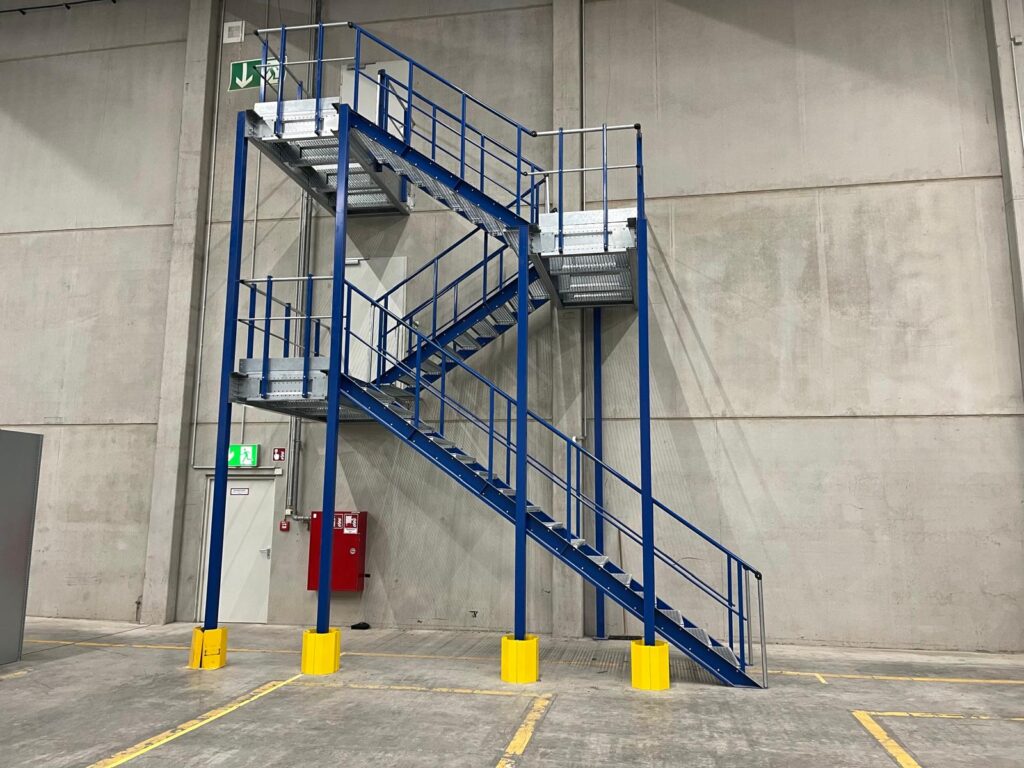 Mezzanine vloer met stalen constructie, trap en leuning op maat voor bedrijfshal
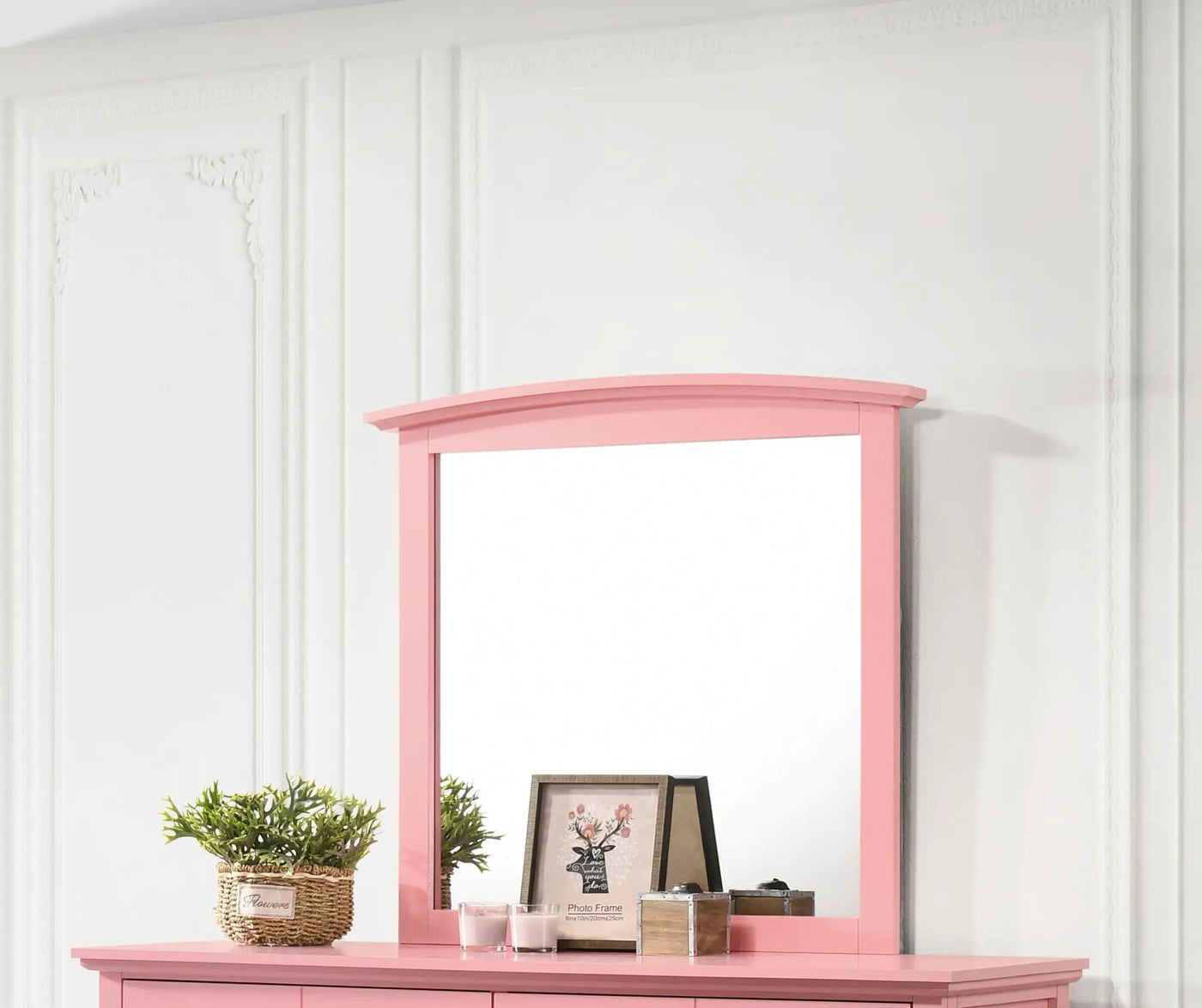 Hammond - Elegant Wall Mirror by HouseOfZazla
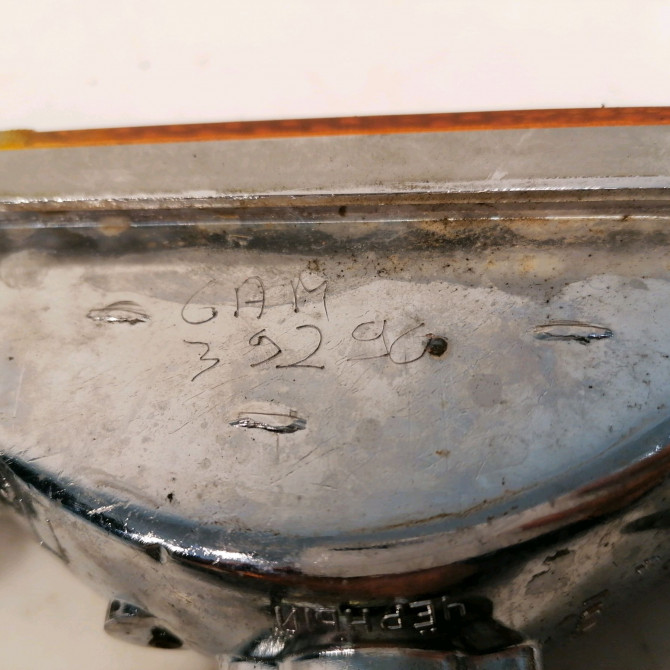 Clignotant gauche occasion LADA NIVA Phase 1 04-1995->04-1999 1.6i 73ch 4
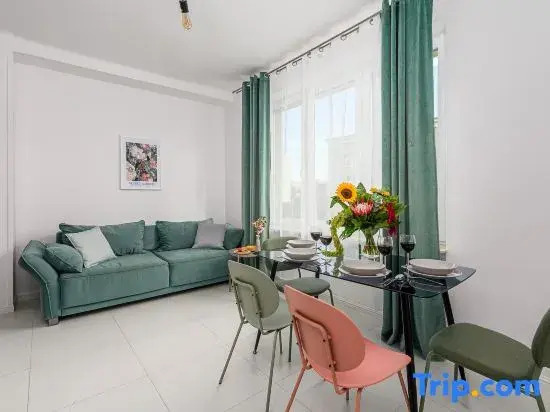Lumina Charming 3-room apartment in the center of Warsaw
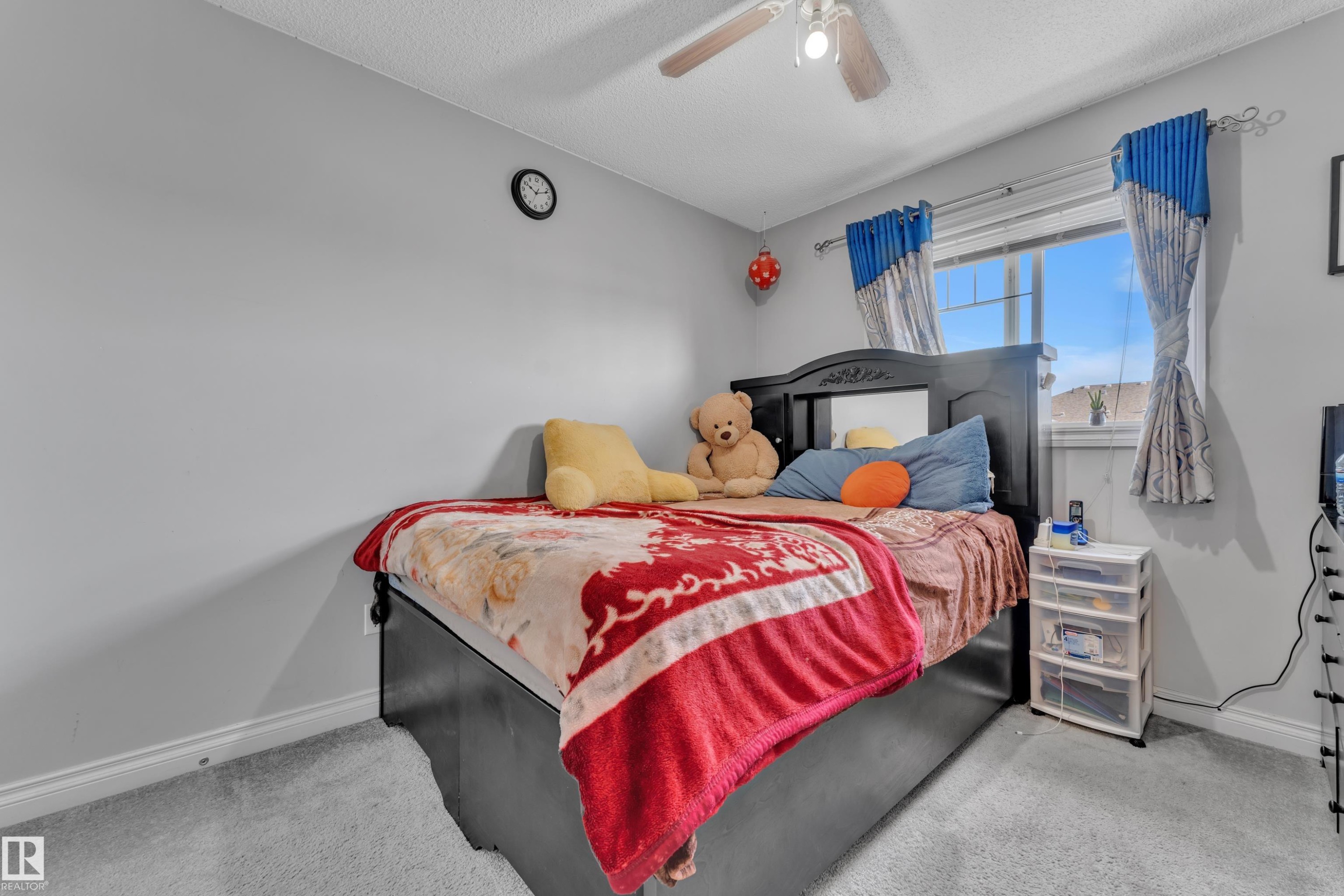 3127 16 Avenue Nw, Edmonton, AB - Indoor Photo Showing Bedroom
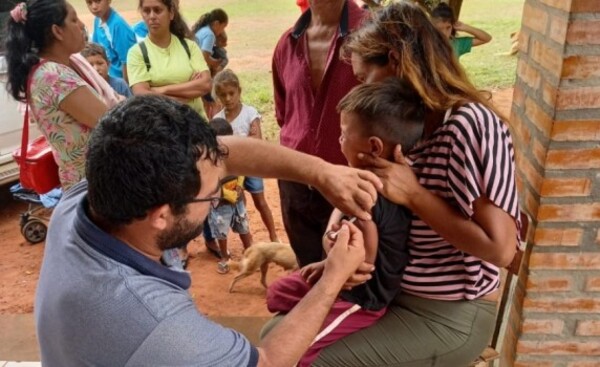 Atención integral a familias de Itakyry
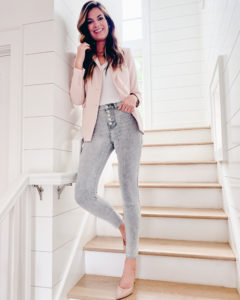 blush pink blazer with skinny jeans outfit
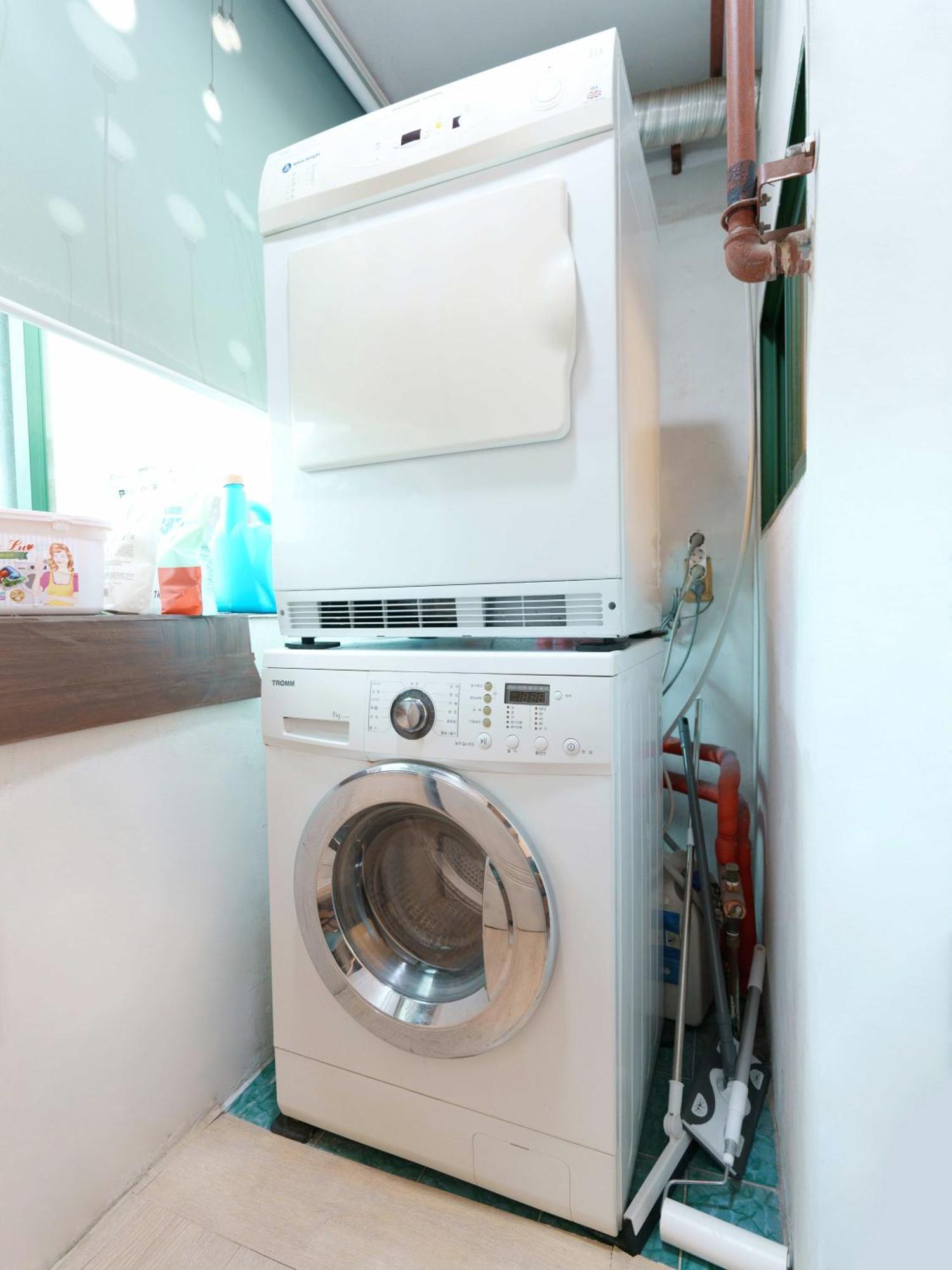 Heistay-30sec From Hongdae Subwaystop-elevator * Seoul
----------------
◆ **TASK INSTRUCTIONS**: Could you restate every entry above word for word, leaving out the pictures?

◆ **RESPONSE AREA**:
 Mezzanine vloer met stalen constructie, trap en leuning op maat voor bedrijfshal
 Hammond - Elegant Wall Mirror by HouseOfZazla
 Clignotant gauche occasion LADA NIVA Phase 1 04-1995->04-1999 1.6i 73ch 4
Lumina Charming 3-room apartment in the center of Warsaw
 3127 16 Avenue Nw, Edmonton, AB - Indoor Photo Showing Bedroom
 Atención integral a familias de Itakyry
 blush pink blazer with skinny jeans outfit
 Heistay-30sec From Hongdae Subwaystop-elevator * Seoul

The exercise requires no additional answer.